Emsal Mahkeme Kararı İstanbul Bölge Adliye Mahkemesi 13. Hukuk Dairesi 2018/876 E. 2019/1083 K. 11.09.2019 T.

Görüntülediğiniz mahkeme kararı kesinleşmiş bir karardır.

T.C.
İSTANBUL
BÖLGE ADLİYE MAHKEMESİ
13. HUKUK DAİRESİ
DOSYA NO: 2018/876 Esas
KARAR NO : 2019/1083 Karar
T Ü R K M İ L L E T İ A D I N A
İ S T İ N A F K A R A R I
İNCELENEN KARARIN
MAHKEME : BAKIRKÖY 7. ASLİYE TİCARET MAHKEMESİ
TARİH : 20/04/2018
DOSYA NUMARASI : 2016/1014 Esas 2018/398 Karar
DAVA : İtirazın İptali (Taşıma Sözleşmesi Kaynaklı)
KARAR TARİHİ: 11/09/2019
İlk derece Mahkemesinde yapılan yargılama sonucunda verilen karara karşı istinaf kanun yoluna başvurulmuş olmakla dava dosyası incelendi:
TARAFLARIN İDDİA VE SAVUNMASININ ÖZETİ:
Davacı vekili dava dilekçesi ile, müvekkilinin yaptığı yurtdışı nakliyesi hizmetleri karşılığı olarak davalı borçlu şirketten toplam 41.500,00 EURO fatura alacağının olduğunu, alacağının tahsili amacıyla davalı şirkete karşı Küçükçekmece … İcra Müdürlüğü’nün … esas sayılı dosyasıyla icra takibi başlatıldığını, davalı-borçlu şirketin dosya borcuna itirazı üzerine takibin durduğunu belirterek itirazın iptaline, takibin devamına davalı şirketin %20 icra inkâr tazminatına mahkûm edilmesine karar verilmesini talep etmiştir. Davalı vekili cevap dilekçesi ile, müvekkilinin müşterilere ait tekstil ürünlerinin karayollarıyla taşınması için davacı ile anlaştığını ve taşıma işini davacıya devrettiğini, davacının hiçbir neden ileri sürmeksizin malların taşınmasını geciktirdiğini, malların gcikmesinden dolayı müşterilerinin maddi zarara uğradıklarını ve navlun ücretini ödemeyeceklerini kendilerine bildirdiklerini, teslimdeki gecikme nedeniyle müvekkilinin Hollanda’daki müşterisine dağıtımı uçakla yapmak zorunda kaldıklarını ve müvekkilinin ve müşterisinin maddi manevi zarar gördüklerini, uluslararası karayolu taşıma sözleşmesinin 26.maddesi gereğince termin aşımı durumunda araç başı günlük 200 EURO gecikme cezası uygulanacağını, müvekkilinin davacıdan alacağı toplam gecikmeden kaynaklı 29.400 EURO alacak hakkını şimdilik saklı tuttuklarını, ayrıca davacının düzenlediği faturalara karşı 18/10/2016 tarihli ve 21/10/2016 tarihli ihtarnameler ile iki kez itiraz edildiğini ve 17/10/2016 tarihli 29.400 EURO bedelli iade faturası düzenlendiğini, davacının taşımalardaki gecikmeden sorumlu olması nedeniyle navlun alacağına hak kazanmadığını, alacağında likit olmamasından dolayı icra inkar tazminatı talebininde haksız olduğunu belirterek davanın reddini istemiştir.

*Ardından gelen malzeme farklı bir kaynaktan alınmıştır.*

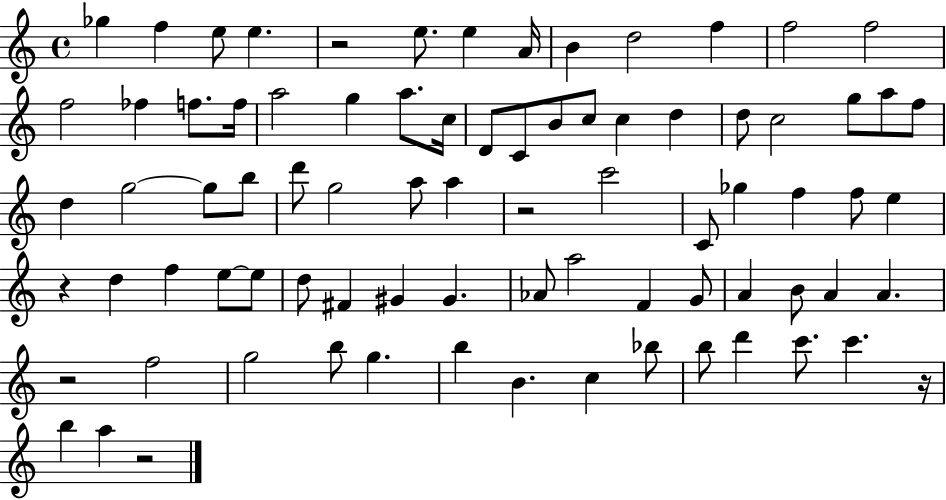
Gb5/q F5/q E5/e E5/q. R/h E5/e. E5/q A4/s B4/q D5/h F5/q F5/h F5/h F5/h FES5/q F5/e. F5/s A5/h G5/q A5/e. C5/s D4/e C4/e B4/e C5/e C5/q D5/q D5/e C5/h G5/e A5/e F5/e D5/q G5/h G5/e B5/e D6/e G5/h A5/e A5/q R/h C6/h C4/e Gb5/q F5/q F5/e E5/q R/q D5/q F5/q E5/e E5/e D5/e F#4/q G#4/q G#4/q. Ab4/e A5/h F4/q G4/e A4/q B4/e A4/q A4/q. R/h F5/h G5/h B5/e G5/q. B5/q B4/q. C5/q Bb5/e B5/e D6/q C6/e. C6/q. R/s B5/q A5/q R/h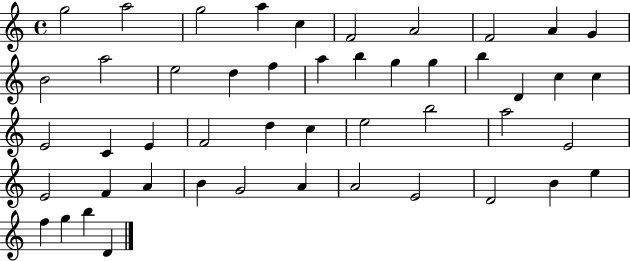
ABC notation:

X:1
T:Untitled
M:4/4
L:1/4
K:C
g2 a2 g2 a c F2 A2 F2 A G B2 a2 e2 d f a b g g b D c c E2 C E F2 d c e2 b2 a2 E2 E2 F A B G2 A A2 E2 D2 B e f g b D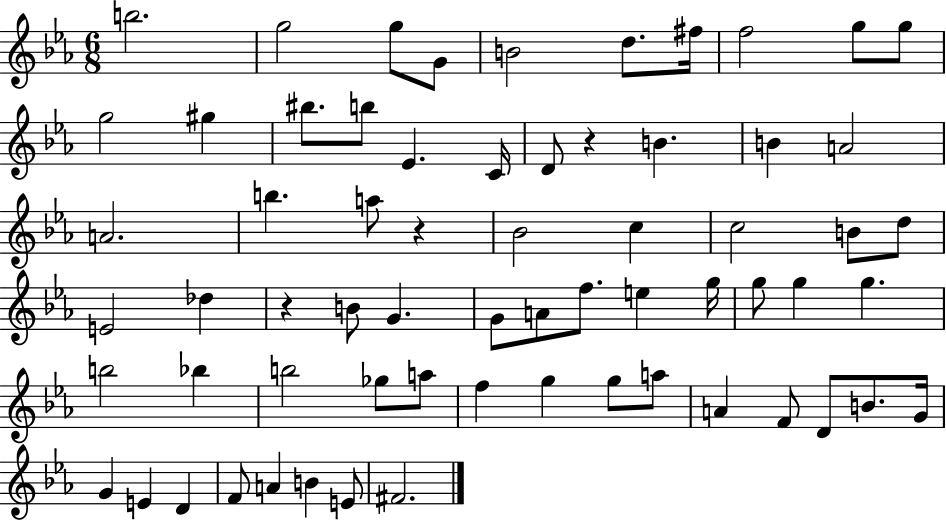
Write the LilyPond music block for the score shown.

{
  \clef treble
  \numericTimeSignature
  \time 6/8
  \key ees \major
  b''2. | g''2 g''8 g'8 | b'2 d''8. fis''16 | f''2 g''8 g''8 | \break g''2 gis''4 | bis''8. b''8 ees'4. c'16 | d'8 r4 b'4. | b'4 a'2 | \break a'2. | b''4. a''8 r4 | bes'2 c''4 | c''2 b'8 d''8 | \break e'2 des''4 | r4 b'8 g'4. | g'8 a'8 f''8. e''4 g''16 | g''8 g''4 g''4. | \break b''2 bes''4 | b''2 ges''8 a''8 | f''4 g''4 g''8 a''8 | a'4 f'8 d'8 b'8. g'16 | \break g'4 e'4 d'4 | f'8 a'4 b'4 e'8 | fis'2. | \bar "|."
}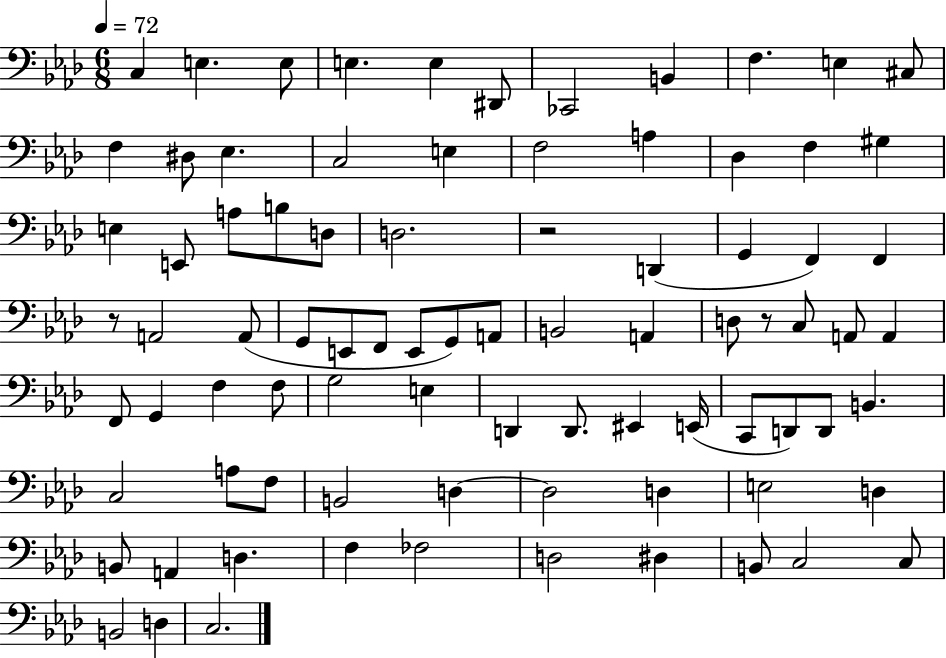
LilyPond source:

{
  \clef bass
  \numericTimeSignature
  \time 6/8
  \key aes \major
  \tempo 4 = 72
  c4 e4. e8 | e4. e4 dis,8 | ces,2 b,4 | f4. e4 cis8 | \break f4 dis8 ees4. | c2 e4 | f2 a4 | des4 f4 gis4 | \break e4 e,8 a8 b8 d8 | d2. | r2 d,4( | g,4 f,4) f,4 | \break r8 a,2 a,8( | g,8 e,8 f,8 e,8 g,8) a,8 | b,2 a,4 | d8 r8 c8 a,8 a,4 | \break f,8 g,4 f4 f8 | g2 e4 | d,4 d,8. eis,4 e,16( | c,8 d,8) d,8 b,4. | \break c2 a8 f8 | b,2 d4~~ | d2 d4 | e2 d4 | \break b,8 a,4 d4. | f4 fes2 | d2 dis4 | b,8 c2 c8 | \break b,2 d4 | c2. | \bar "|."
}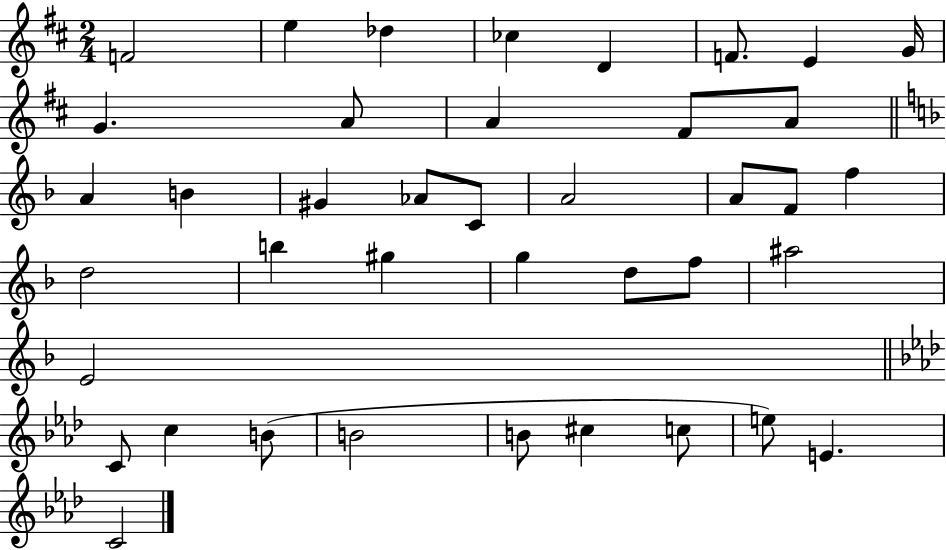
F4/h E5/q Db5/q CES5/q D4/q F4/e. E4/q G4/s G4/q. A4/e A4/q F#4/e A4/e A4/q B4/q G#4/q Ab4/e C4/e A4/h A4/e F4/e F5/q D5/h B5/q G#5/q G5/q D5/e F5/e A#5/h E4/h C4/e C5/q B4/e B4/h B4/e C#5/q C5/e E5/e E4/q. C4/h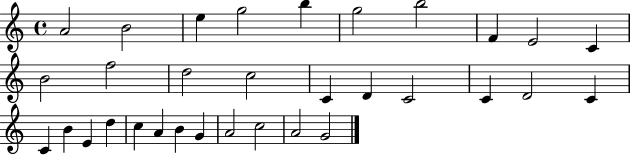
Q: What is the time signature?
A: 4/4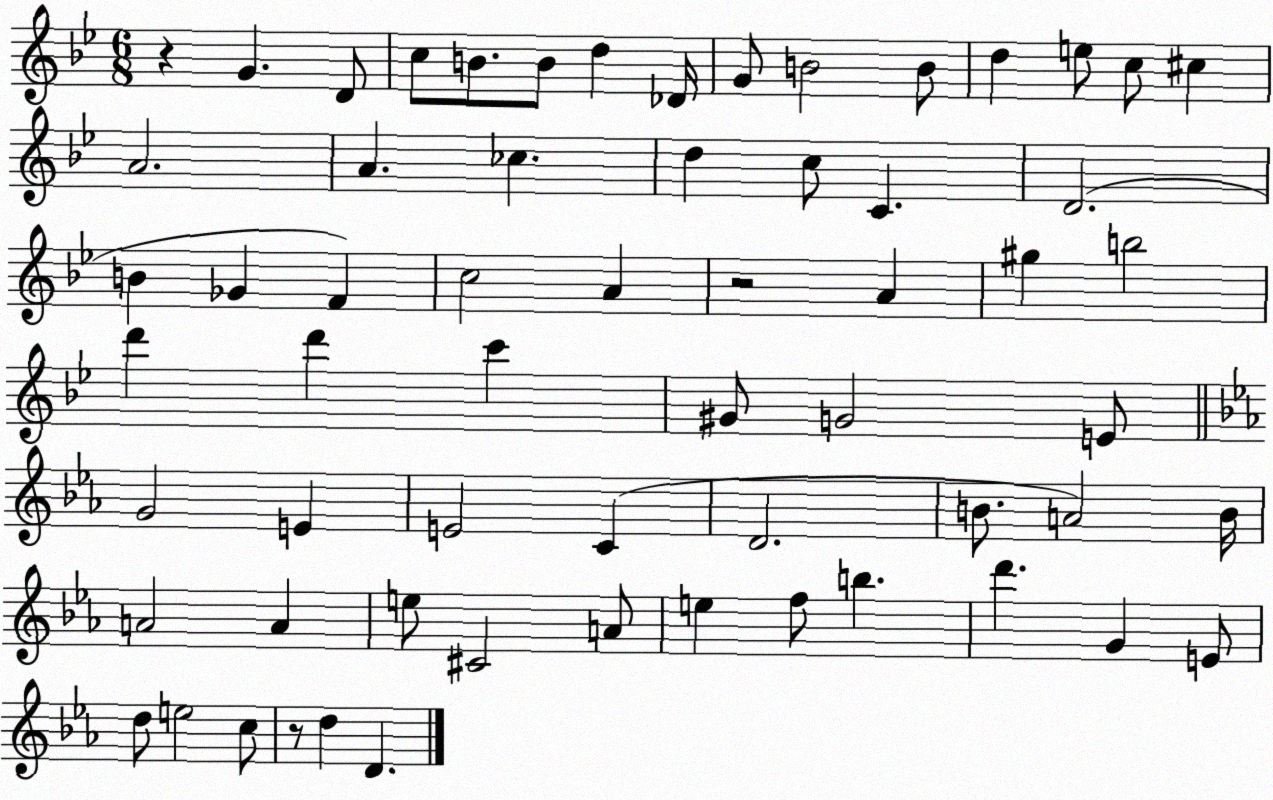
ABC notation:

X:1
T:Untitled
M:6/8
L:1/4
K:Bb
z G D/2 c/2 B/2 B/2 d _D/4 G/2 B2 B/2 d e/2 c/2 ^c A2 A _c d c/2 C D2 B _G F c2 A z2 A ^g b2 d' d' c' ^G/2 G2 E/2 G2 E E2 C D2 B/2 A2 B/4 A2 A e/2 ^C2 A/2 e f/2 b d' G E/2 d/2 e2 c/2 z/2 d D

İLK DERECE MAHKEMESİNİN KARARININ ÖZETİ:
Bakırköy 7. Asliye Ticaret Mahkemesi 20/04/2018 tarih 2016/1014 Esas – 2018/398 Karar sayılı kararında;
“…İncelemeye sunulan defter ve belgeler ile tüm dosya kapsamına göre,taraflar arasında takibe konu faturalara istinaden taşıma hizmetinin gecikmeli de olsa yerine getirildiği, ve davacının faturada belirtilen bedellere hak kazandığı, davalı tarafça gecikmeden kaynaklı iade faturası düzenlenmiş olup, bilirkişi incelemesinde de gecikmeden kaynaklı zararın 29.400 EURO olduğu bildirilmiş ise de davalı tarafça cevap dilekçesinde bu alacaklarını saklı tuttuklarını beyan etmeleri karşısında harcı yatırılarak usulüne uygun açılmış bir karşı dava da olmadığından gecikmeden kaynaklı zarar miktarı mahsup edilmeyerek taraflar arasında ihtilafsız olan faturalar nedeniyle davacının takip ve dava tarihi itibariyle davalıdan 141.560,65 TL faturaya dayalı hesap alacağının bulunduğu anlaşıldığından davalının itirazının iptaline, davalının aleyhine girişilen icra takibinin tamamına haksız ve kötüniyetli olarak itiraz ettiği, dava İİK.nun 67. maddesi uyarınca açılan itirazın iptali davası olup, icra takibi faturadan kaynaklanan alacağın tahsiline yönelik olduğu,bu durumda açılan itirazın iptali davasında hüküm altına alınan alacak bilinebilir, bir başka deyişle likit olduğundan hükmedilen miktarın % 20’si oranında İİK.nun 67. maddesi uyarınca davacı yararına tazminata hükmedilmesine karar verildiği…”gerekçesi ile, Davanın kabulü ile 141.560,65 TL asıl alacak yönünden davalının Küçükçekmece.. İcra Müdürlüğü’nün … esas sayılı takibe vaki itirazın iptaline, takibin asıl alacak yönünden devamına; Asıl alacağa takip tarihinden itibaren 3095 Sayılı kanunun 2/2. Maddesi gereğince Merkez Bankasının kısa vadeli krediler için ön gördüğü değişen oranlarda avans faiz oranı uygulanmasına,Asıl alacağın %20’si üzerinden hesap edilen 28.312,13 TL icra inkar tazminatının davalıdan alınarak davacıya verilmesine, karar verilmiş ve karara karşı davalı vekili tarafından istinaf başvurusunda bulunulmuştur.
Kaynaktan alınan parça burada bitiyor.